Source: Stats NZ International Travel: March 2026

The drivers

Jet fuel prices have traded between US$160 and US$230 per barrel in recent weeks compared with US$85 to US$90 prior to the conflict that began on 28 February 2026, according to Air New Zealand's NZX market update. Fuel typically accounts for up to a quarter of operating costs for New Zealand carriers. Direct flights from New Zealand to Qatar ceased from 1 March. Fewer direct flights operate to the United Arab Emirates. March saw only 1,400 arrivals on direct UAE flights and none from Qatar. Arrivals from the United Kingdom and Germany via those routes fell sharply.

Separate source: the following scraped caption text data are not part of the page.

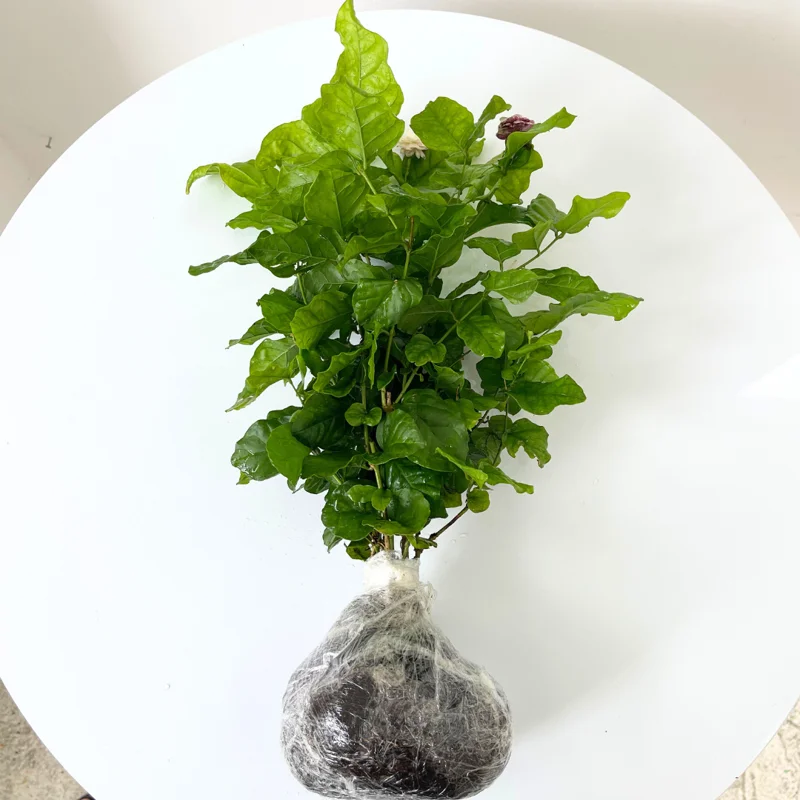 Live Jasmine Plants Set - 3 Sambac Arabian Jasmine Plants 5-7 Inches Indoor/Outdoor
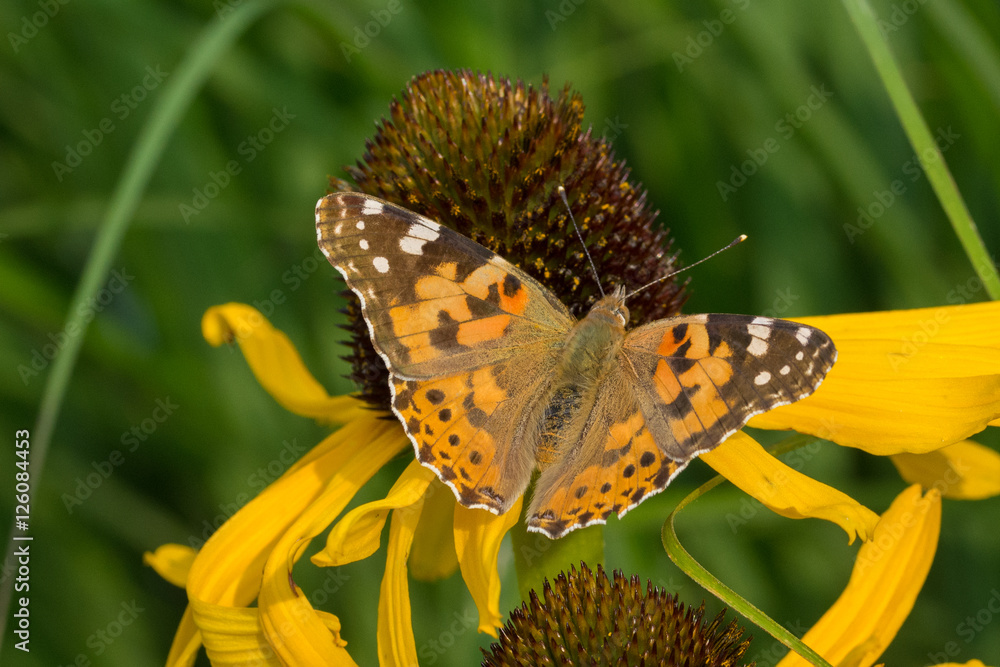 Obraz premium Red admiral (Vanessa Atalanta) upon a yellow echinacea flower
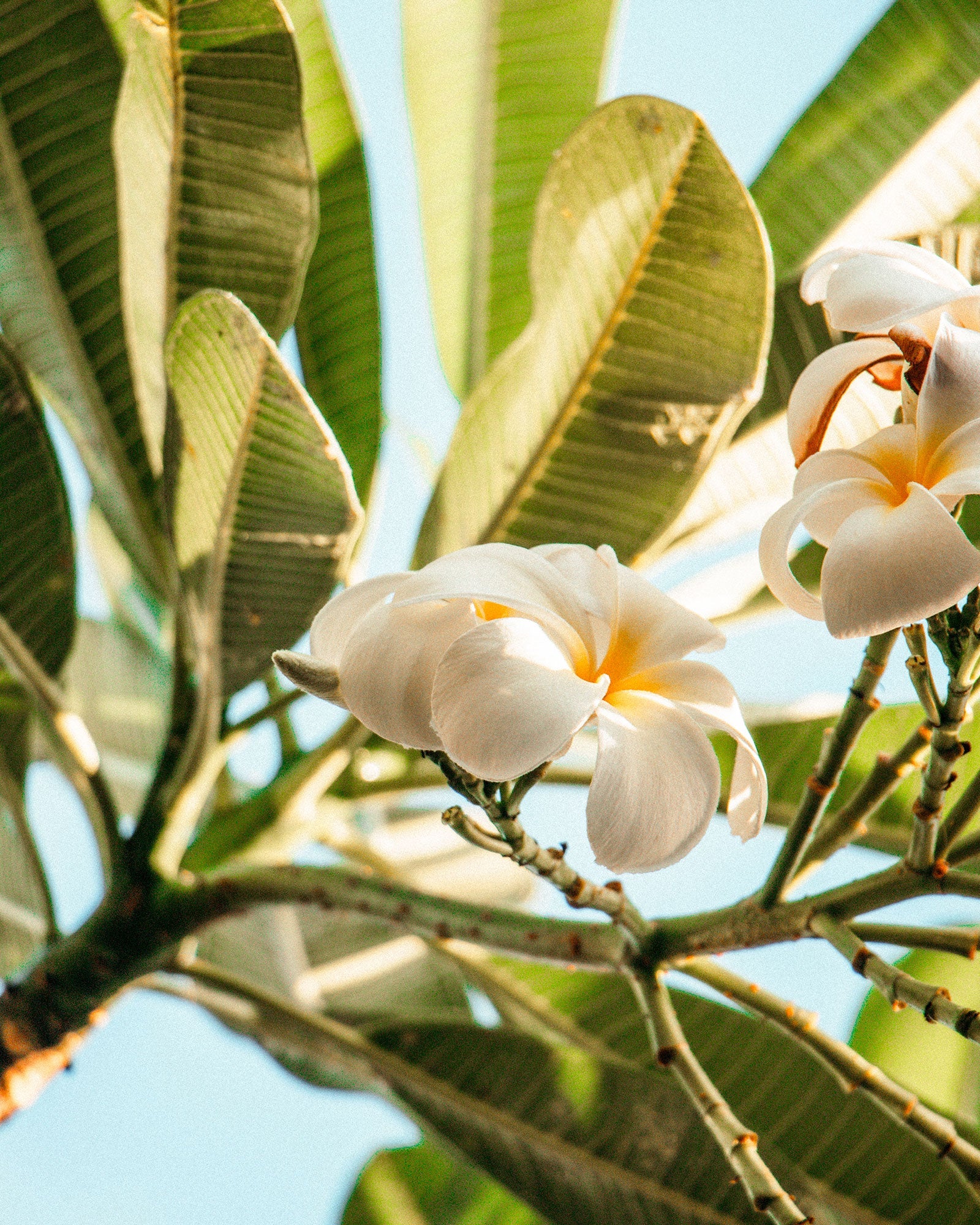 Bougie Bijou Doré - Plages de Tahiti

Air New Zealand has executed three targeted capacity consolidations since the conflict began. These moves reduce overall group capacity by 3 to 5 percent, according to the airline's NZX filing. The carrier raised one-way economy fares by NZ$10 on domestic routes, NZ$20 on short-haul international routes and NZ$90 on long-haul routes. It now forecasts a pre-tax loss of NZ$340 million to NZ$390 million for the full 2026 financial year. Second-half fuel costs are expected to reach approximately NZ$980 million compared with NZ$740 million assumed at the interim result. The airline is around 85 percent hedged against its second-half Brent crude exposure.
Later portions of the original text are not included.